# [Directions]
Your answer is the lines below, exactly, from the one that contains "Casa en venta" through the one that contains "รถ BMW X1 1.5 sDrive18i xLine สี ดำ", both included.

** Stored data follows **

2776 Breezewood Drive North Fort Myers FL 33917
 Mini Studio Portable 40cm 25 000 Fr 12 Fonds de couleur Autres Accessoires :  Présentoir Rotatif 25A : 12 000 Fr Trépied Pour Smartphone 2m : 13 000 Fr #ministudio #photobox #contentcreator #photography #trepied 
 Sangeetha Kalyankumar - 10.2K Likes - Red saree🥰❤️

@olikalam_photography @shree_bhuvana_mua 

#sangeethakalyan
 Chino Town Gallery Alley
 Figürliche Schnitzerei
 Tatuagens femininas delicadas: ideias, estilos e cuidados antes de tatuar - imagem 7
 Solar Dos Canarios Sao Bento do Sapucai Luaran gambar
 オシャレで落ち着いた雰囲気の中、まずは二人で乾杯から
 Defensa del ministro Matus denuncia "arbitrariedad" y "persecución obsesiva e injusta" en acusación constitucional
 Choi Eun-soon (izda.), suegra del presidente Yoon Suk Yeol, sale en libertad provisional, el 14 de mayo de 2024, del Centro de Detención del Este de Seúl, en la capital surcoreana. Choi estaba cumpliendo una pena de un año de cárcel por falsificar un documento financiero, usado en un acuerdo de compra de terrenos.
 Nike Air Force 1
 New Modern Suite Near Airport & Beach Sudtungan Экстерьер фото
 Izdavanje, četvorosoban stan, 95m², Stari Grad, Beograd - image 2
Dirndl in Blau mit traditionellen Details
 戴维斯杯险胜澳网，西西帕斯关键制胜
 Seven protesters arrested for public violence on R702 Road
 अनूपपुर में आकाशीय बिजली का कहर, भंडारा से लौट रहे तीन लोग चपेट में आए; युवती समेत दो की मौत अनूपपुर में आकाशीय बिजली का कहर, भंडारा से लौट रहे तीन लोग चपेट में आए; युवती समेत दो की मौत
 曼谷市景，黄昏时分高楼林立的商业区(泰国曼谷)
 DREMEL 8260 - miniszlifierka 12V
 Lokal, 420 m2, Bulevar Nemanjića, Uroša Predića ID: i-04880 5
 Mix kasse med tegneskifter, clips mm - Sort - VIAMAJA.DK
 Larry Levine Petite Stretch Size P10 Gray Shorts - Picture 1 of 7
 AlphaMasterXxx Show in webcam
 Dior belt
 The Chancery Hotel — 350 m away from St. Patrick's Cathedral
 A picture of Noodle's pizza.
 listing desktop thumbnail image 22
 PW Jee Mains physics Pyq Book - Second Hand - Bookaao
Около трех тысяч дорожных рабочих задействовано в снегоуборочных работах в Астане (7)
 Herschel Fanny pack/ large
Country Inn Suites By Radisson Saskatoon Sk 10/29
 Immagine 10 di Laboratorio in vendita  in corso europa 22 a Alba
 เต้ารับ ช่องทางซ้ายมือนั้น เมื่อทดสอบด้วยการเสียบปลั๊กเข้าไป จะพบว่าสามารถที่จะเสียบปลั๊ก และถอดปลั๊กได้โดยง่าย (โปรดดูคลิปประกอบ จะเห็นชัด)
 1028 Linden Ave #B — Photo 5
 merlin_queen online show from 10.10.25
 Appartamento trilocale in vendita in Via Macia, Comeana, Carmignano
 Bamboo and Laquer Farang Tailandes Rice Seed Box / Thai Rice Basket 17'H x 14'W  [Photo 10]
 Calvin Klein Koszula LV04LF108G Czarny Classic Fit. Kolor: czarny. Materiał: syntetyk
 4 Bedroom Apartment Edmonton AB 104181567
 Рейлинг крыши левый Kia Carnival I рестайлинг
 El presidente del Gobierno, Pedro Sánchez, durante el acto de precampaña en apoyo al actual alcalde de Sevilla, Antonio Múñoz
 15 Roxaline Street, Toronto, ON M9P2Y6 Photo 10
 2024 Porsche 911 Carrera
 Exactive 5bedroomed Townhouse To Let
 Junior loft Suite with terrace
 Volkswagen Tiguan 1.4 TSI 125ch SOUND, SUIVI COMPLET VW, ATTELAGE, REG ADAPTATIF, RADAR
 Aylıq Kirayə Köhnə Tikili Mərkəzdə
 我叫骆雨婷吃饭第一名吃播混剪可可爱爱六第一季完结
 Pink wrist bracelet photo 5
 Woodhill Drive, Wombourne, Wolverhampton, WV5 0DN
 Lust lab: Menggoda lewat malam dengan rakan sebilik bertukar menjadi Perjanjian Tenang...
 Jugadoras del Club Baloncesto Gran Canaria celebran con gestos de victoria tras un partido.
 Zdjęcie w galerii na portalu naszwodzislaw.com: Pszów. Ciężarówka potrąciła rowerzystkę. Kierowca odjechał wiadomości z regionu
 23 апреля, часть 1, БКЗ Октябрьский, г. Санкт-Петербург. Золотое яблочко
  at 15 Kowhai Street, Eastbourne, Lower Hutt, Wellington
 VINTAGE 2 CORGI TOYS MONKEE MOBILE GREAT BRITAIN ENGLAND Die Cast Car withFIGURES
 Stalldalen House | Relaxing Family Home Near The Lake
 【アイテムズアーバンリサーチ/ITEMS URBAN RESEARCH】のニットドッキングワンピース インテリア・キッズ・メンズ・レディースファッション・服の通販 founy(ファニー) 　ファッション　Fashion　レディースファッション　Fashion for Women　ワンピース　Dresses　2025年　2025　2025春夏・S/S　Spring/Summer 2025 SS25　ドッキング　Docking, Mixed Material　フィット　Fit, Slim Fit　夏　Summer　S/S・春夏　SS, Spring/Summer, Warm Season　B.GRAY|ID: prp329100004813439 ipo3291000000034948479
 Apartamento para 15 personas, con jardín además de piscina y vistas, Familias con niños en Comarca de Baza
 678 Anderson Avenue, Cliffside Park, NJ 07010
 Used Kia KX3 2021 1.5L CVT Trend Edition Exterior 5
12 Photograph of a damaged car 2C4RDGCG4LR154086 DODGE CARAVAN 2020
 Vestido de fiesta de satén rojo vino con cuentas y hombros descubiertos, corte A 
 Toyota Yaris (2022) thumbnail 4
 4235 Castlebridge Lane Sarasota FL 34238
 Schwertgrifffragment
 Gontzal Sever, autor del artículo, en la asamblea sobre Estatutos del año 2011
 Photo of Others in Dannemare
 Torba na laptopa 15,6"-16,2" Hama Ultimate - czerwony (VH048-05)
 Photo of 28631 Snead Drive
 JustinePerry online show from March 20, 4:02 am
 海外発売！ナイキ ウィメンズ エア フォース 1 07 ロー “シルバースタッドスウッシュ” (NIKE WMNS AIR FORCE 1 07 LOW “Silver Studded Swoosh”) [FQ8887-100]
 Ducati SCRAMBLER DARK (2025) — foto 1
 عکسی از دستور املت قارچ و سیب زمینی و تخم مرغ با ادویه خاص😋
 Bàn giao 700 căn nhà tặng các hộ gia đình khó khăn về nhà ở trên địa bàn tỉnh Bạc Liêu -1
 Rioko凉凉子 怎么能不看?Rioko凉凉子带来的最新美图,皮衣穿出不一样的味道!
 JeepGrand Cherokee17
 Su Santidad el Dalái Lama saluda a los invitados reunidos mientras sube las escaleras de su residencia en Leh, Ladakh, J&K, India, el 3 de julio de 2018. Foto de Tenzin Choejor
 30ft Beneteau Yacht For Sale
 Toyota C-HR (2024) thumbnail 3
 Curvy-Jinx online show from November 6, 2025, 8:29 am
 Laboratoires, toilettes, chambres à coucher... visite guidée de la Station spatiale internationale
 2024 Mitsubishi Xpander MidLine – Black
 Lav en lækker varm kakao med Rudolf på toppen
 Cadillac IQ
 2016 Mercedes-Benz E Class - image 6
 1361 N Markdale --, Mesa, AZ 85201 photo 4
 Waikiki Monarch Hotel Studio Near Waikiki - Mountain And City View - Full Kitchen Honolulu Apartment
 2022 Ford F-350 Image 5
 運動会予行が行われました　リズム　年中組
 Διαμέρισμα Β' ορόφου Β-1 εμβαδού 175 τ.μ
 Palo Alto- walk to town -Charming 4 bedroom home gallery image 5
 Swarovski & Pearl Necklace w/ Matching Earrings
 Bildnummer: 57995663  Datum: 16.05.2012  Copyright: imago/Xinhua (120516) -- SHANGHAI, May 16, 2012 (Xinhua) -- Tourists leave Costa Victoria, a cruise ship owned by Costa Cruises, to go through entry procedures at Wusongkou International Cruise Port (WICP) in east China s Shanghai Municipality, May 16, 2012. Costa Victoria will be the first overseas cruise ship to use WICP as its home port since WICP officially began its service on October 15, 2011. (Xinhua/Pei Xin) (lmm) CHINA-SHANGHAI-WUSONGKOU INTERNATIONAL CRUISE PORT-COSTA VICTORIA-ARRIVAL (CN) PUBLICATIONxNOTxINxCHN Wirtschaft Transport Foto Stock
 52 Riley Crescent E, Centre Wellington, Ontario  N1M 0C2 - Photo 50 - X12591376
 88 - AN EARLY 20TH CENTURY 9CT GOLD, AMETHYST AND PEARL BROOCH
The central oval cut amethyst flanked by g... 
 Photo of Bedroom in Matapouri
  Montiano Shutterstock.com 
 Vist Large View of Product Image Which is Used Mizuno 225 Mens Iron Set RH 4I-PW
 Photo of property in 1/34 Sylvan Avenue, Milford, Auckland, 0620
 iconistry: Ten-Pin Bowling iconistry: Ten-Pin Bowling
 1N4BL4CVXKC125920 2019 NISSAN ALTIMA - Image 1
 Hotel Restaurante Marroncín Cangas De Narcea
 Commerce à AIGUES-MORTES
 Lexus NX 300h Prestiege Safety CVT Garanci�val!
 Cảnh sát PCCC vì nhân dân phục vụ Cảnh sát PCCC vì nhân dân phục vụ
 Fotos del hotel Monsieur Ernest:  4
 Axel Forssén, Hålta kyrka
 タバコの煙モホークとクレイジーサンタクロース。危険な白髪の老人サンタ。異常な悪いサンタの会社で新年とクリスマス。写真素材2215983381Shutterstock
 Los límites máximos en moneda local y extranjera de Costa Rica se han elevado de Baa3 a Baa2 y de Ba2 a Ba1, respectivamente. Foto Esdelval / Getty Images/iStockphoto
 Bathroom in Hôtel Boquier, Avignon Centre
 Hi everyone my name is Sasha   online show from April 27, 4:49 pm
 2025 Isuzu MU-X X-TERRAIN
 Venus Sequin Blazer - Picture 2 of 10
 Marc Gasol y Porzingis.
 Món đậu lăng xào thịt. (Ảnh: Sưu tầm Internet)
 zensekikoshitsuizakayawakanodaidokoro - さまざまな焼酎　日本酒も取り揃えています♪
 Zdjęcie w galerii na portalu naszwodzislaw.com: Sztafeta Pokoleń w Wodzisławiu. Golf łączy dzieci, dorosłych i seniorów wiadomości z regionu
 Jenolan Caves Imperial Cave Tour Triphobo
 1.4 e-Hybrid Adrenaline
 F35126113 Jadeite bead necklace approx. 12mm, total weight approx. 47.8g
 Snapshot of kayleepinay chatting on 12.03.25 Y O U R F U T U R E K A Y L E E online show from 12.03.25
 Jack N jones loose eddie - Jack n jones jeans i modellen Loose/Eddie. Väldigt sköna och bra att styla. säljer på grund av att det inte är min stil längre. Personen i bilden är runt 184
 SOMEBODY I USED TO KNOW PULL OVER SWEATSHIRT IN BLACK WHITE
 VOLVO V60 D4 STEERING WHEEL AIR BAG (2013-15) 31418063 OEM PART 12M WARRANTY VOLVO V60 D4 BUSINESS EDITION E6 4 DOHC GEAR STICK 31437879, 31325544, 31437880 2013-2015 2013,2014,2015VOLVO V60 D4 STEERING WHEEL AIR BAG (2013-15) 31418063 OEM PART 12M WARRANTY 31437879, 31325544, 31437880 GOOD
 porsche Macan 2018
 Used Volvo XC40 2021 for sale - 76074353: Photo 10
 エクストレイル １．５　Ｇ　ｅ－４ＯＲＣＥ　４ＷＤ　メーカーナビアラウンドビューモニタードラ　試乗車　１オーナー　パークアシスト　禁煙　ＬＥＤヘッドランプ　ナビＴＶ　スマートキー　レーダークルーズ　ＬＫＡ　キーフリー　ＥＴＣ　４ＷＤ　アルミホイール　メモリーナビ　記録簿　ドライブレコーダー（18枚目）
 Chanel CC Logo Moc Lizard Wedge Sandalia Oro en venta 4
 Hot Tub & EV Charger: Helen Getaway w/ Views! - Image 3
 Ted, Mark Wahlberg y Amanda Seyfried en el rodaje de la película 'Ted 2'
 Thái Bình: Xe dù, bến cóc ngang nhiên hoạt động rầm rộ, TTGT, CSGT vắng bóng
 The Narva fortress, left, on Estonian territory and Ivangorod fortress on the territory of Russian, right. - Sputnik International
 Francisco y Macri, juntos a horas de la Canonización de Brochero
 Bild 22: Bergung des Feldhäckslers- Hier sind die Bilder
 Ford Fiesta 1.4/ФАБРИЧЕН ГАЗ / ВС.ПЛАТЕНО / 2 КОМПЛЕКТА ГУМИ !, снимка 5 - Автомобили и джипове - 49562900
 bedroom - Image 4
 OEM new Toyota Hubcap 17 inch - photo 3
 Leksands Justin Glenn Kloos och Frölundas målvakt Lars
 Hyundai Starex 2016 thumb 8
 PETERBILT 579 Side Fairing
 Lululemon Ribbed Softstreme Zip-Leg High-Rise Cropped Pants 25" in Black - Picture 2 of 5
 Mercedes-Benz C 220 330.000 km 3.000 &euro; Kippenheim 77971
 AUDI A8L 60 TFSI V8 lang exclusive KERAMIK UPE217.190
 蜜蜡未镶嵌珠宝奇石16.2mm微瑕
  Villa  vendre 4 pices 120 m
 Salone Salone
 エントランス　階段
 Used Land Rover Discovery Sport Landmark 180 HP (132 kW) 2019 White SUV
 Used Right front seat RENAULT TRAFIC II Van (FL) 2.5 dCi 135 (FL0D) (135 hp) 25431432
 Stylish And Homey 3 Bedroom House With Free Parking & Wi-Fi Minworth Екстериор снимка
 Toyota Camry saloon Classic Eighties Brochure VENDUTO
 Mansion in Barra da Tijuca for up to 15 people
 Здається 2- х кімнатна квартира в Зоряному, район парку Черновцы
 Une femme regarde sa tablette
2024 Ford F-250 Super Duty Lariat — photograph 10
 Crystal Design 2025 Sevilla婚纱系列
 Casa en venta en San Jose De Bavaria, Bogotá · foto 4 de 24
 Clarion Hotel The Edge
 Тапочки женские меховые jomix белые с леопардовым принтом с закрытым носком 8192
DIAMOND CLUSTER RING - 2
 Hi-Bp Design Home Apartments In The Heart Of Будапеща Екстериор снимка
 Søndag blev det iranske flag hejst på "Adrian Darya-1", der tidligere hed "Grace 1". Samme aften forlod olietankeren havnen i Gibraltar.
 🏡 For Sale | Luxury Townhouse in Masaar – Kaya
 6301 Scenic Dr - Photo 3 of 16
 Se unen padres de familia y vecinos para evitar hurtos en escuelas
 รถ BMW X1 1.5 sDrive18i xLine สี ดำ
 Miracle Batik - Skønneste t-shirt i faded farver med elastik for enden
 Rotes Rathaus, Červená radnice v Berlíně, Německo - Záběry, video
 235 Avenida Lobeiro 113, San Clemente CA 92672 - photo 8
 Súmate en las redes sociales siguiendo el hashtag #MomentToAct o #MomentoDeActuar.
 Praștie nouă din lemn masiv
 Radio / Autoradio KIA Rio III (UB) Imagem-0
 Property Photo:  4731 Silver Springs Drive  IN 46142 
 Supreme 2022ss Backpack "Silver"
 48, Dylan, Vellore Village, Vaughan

** End of Stored data **

# [Result]
 Casa en venta en San Jose De Bavaria, Bogotá · foto 4 de 24
 Clarion Hotel The Edge
 Тапочки женские меховые jomix белые с леопардовым принтом с закрытым носком 8192
DIAMOND CLUSTER RING - 2
 Hi-Bp Design Home Apartments In The Heart Of Будапеща Екстериор снимка
 Søndag blev det iranske flag hejst på "Adrian Darya-1", der tidligere hed "Grace 1". Samme aften forlod olietankeren havnen i Gibraltar.
 🏡 For Sale | Luxury Townhouse in Masaar – Kaya
 6301 Scenic Dr - Photo 3 of 16
 Se unen padres de familia y vecinos para evitar hurtos en escuelas
 รถ BMW X1 1.5 sDrive18i xLine สี ดำ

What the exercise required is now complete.